Carruagens e cavalos aguardam a chegada dos passageiros trazidos pelo trem na Estação de Alto Teresópolis, inaugurada em 18 desetembro de 1908, no alto da serra. Desativada junto com a ferrovia, em 1957, essa estação foi logo depois demolida. Foto: Reprodução da internet

A ferrovia foi incorporada à Estrada de Ferro Central do Brasil em 1931. Sua debacle teve início da década de 1950, quando o trecho entre o Porto da Piedade a Magé foi erradicado. Em 1957, foi transferida para a Estrada de Ferro Leopoldina.

Em 9 de março daquele ano, desceu pela serra o último trem de passageiros e no dia 9 de maio daquele mesmo ano, sob a alegação de ser deficitária, a ferrovia foi extinta entre as estações de Guapimirim e José Augusto Vieira, e seus trilhos, arrancados em novembro de 1959.

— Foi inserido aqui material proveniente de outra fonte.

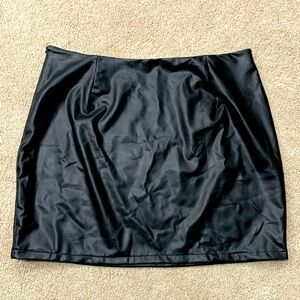 Black faux/pleather skirt, 1X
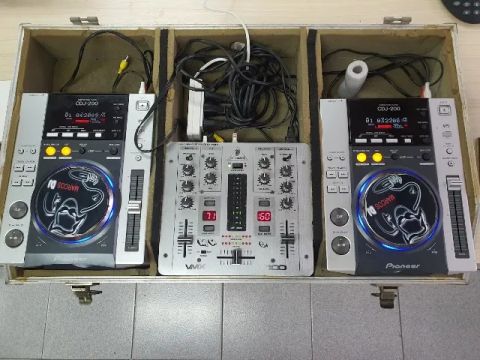 Kit Dj   CDJ-200 Pionner + Controladora Behinger VMX 100 - Funcionando Perfeitamente !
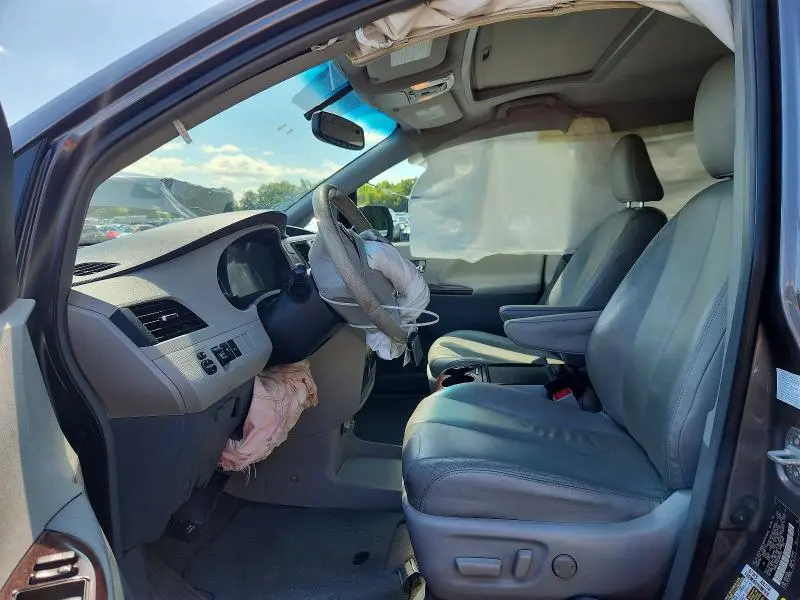 2014 TOYOTA SIENNA XLE 8-PASSENGER  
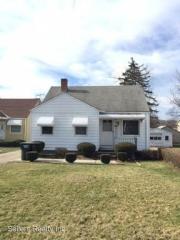 5000 Claremont Blvd, Cleveland OH  44125-1773 exterior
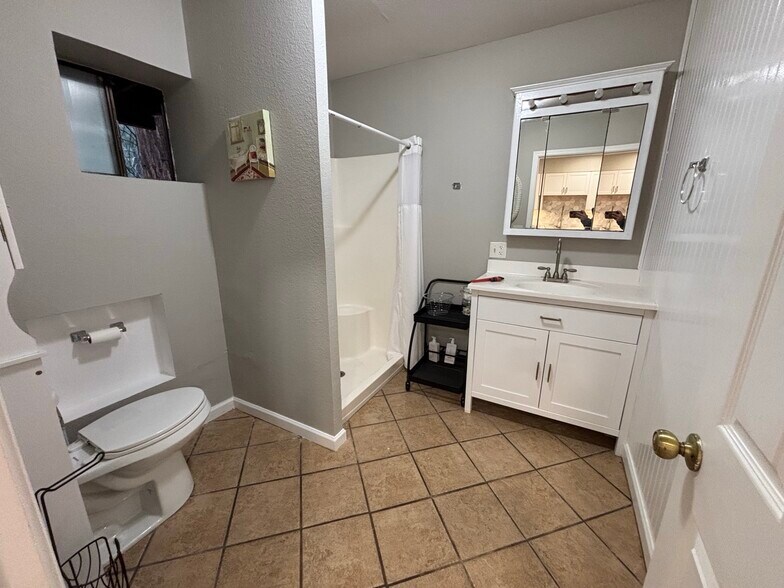 Building Photo - 2854 Viona Rd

Uma U13B estacionada no pátio da estação com a pintura da Central, provavelmente serve de gabarito e doadora de peças para as que estão em atividade. - Foto: Hugo R. Marins

Seguiram funcionando os trens de subúrbio entre Magé e Guapimirim, operados primeiro pela Leopoldina, onde os trans passaram a sair da estação Barão de Mauá e seguiam pela linha da Leopoldina até Magé, daí entrando na linha original.

Bilhete de passagem do Ramal de Guapimirim - Central Logistica - Foto: Reprodução da internet

Depois a ferrovia foi operada pela Rede Ferroviária Federal S.A., maos tarde pela Central Logística (ex Flumitrens), até chegar na administração atual com a Supervia, que opera o trecho Saracuruna (ex Rosário) até a estação Guapimirim.

Trem da Extensão de Guapimirim passando pelo Jardim Guapimirim / Capim rumo a Saracuruna
Locomotiva GE U12C #2362 nas cores da Central Logística - Captura: Eduardo Marques





Operação por ônibus à serviço da Supervia

Ao realizar manutenções pontuais e/ou programadas, a concessionária disponibilizava o serviço por ônibus para atender aos seus usuários.


O tráfego era realizado pela BR-116, com isso, no sentido Saracuruna-Guapimirim, os ônibus realizavam parada em todas as estações. Já no sentido Guapimirim-Saracuruna, os ônibus passavam apenas pelas estações Guapimirim, Parada Bananal, Parada Modelo, Jd. Nova Marília, Magé, Iriri, Suruí, Parque Estrela e Saracuruna.


Por tratar-se de percurso rodoviário, os trajetos foram definidos com base no menor impacto possível no tempo de deslocamento.